In his unsworn Statement of Undisputed Facts in support of Motion II, Plaintiff alleges that, on August 18, 2005, Defendant Cortez placed Plaintiff in administrative segregation, allegedly in retaliation for Plaintiff's filing of a grievance concerning the alleged July 18, 2005 assault (Plaintiff's Statement of Undisputed Facts, "Issue One"). Plaintiff alleges that, on November 22, 2005, Defendants Terry and Mathews issued an allegedly illegal "lock-up order," directing the continuation of Plaintiff's administrative segregation placement, allegedly in retaliation for Plaintiff's filing of a grievance (id., "Issues [sic] Two"). Plaintiff alleges that, on December 22, 2005, Defendants Cortez and Terry retaliated against Plaintiff by confining Plaintiff in administrative segregation for ninety more days (id.). In support of these allegations, Plaintiff references, among other things, two exhibits.
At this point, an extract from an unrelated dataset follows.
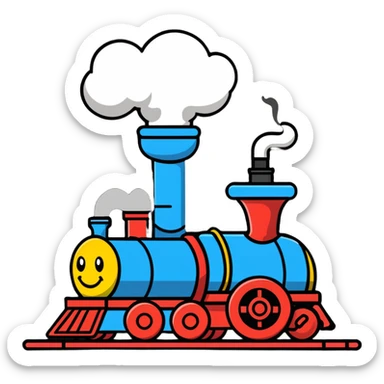 A cartoon toy train with a bright happy face and steam coming from its chimney sticker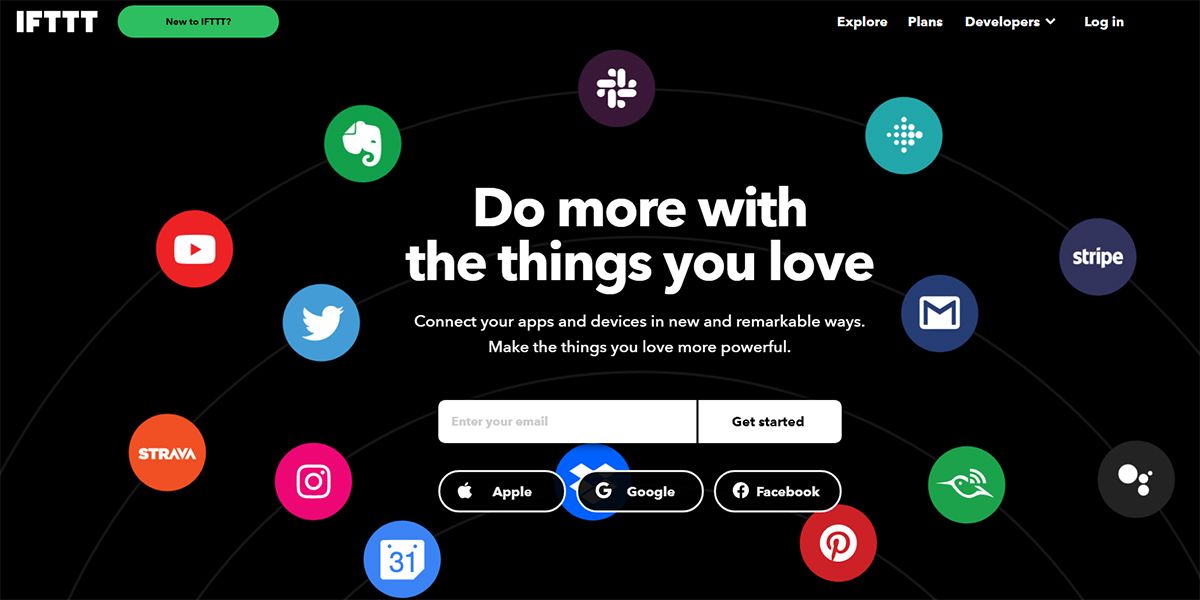 The web app visualization of the IFTTT social media profile management tool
The first exhibit is the Classification Committee report dated August 25, 2005, signed by Defendant Cortez as Chairperson (Motion II, Exhibit A). This report indicates that Plaintiff was present on that date "for initial review following his Ad/Seg placement on the date of 08-18-05" (id.). The exhibit states that, on August 15, 2005, Plaintiff "was placed in ASU to preserve the integrity of an investigation into his allegations of misconduct by Chuckawalla Valley State Prison Administrative Segregation Unit staff" (id.). The exhibit reflects the Committee's decision to retain Plaintiff in administrative segregation "pending investigation" (id.).
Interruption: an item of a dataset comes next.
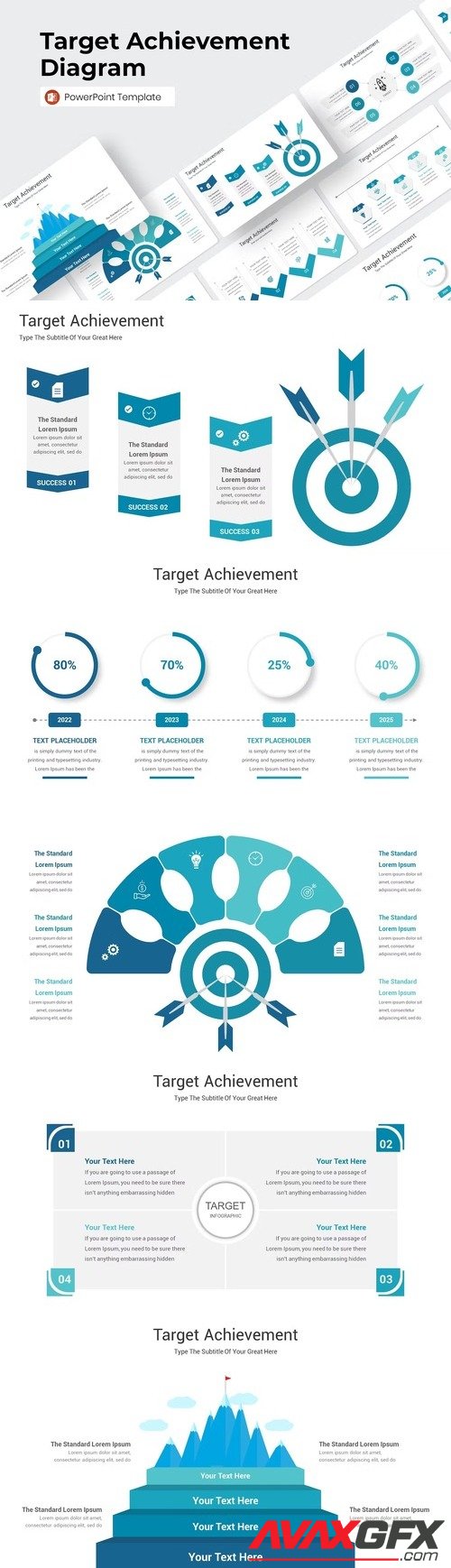 Target Achievement Diagram PowerPoint Template [PPTX]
The second exhibit is the Classification Committee report dated December 22, 2005, showing Defendants Cortez, Terry and Mathews as the committee members (Motion II, Exhibit B). The report recites that, on August 19, 2005 [sic], Plaintiff "was placed in the Administrative Segregation Unit (ASU) to preserve the integrity of an investigation involving [Plaintiff's] allegation of misconduct against CVSP's staff (refer to CDC 602 Appeal Log #05-0741, in Miscellaneous section in Central File) following his ASU placement of 06-05-05 for Inmate Sexual Misconduct" (id.). As indicated previously, the report recites that Plaintiff had three rules violation reports for indecent exposure, sexual misconduct and masturbation, and states that the Riverside County District Attorney's Office accepted the case for prosecution, and a jury trial was pending (id.). The report also indicates that Plaintiff met the criteria set forth in a June 8, 2005 memorandum for referral to a Departmental Review Board for consideration of an indeterminate SHU term (id.).
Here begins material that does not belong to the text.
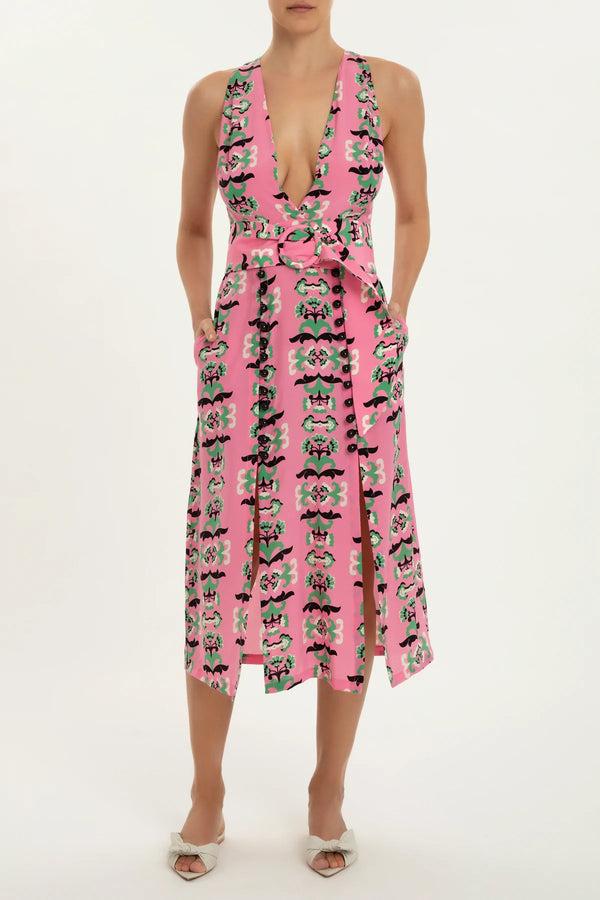 Adriana Degreas Twisted Flower V-Neck Midi Dress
These documents indicate that Plaintiff's grievance was the cause of his initial administrative segregation placement. However, although Plaintiff contends the administrative segregation placement and retention orders were retaliatory, Plaintiff's exhibits suggest at least a triable issue of fact regarding whether Defendants had legitimate penological reasons for placing and retaining Plaintiff in administrative segregation, i.e.: the alleged need to preserve the integrity of the investigation into Plaintiff's grievance (see 15 Cal. Code Regs. § 3335(a)), and the alleged fact that Plaintiff met the criteria for consideration of an indeterminate SHU term. Plaintiff's evidence of retaliation is far from "conclusive." Because Plaintiff's own exhibits demonstrate the existence of genuine issues of material fact concerning the reason or reasons for Defendants' actions, Plaintiff is not entitled to summary judgment on his retaliation claims against Defendants Cortez, Terry and Mathews.

ORDER

Plaintiff's Motion for Summary Judgment with respect to his claims against Defendants Brown, Gibbons and LaCuesta (Motion I) is denied. Plaintiff's Motion for Summary Judgment with respect to his claims against Defendants Cortez, Terry and LaCuesta (Motion II) is denied. In light of this disposition, the Court need not, and does not, reach the issues of qualified immunity. Similarly, Defendants' evidentiary objections are moot.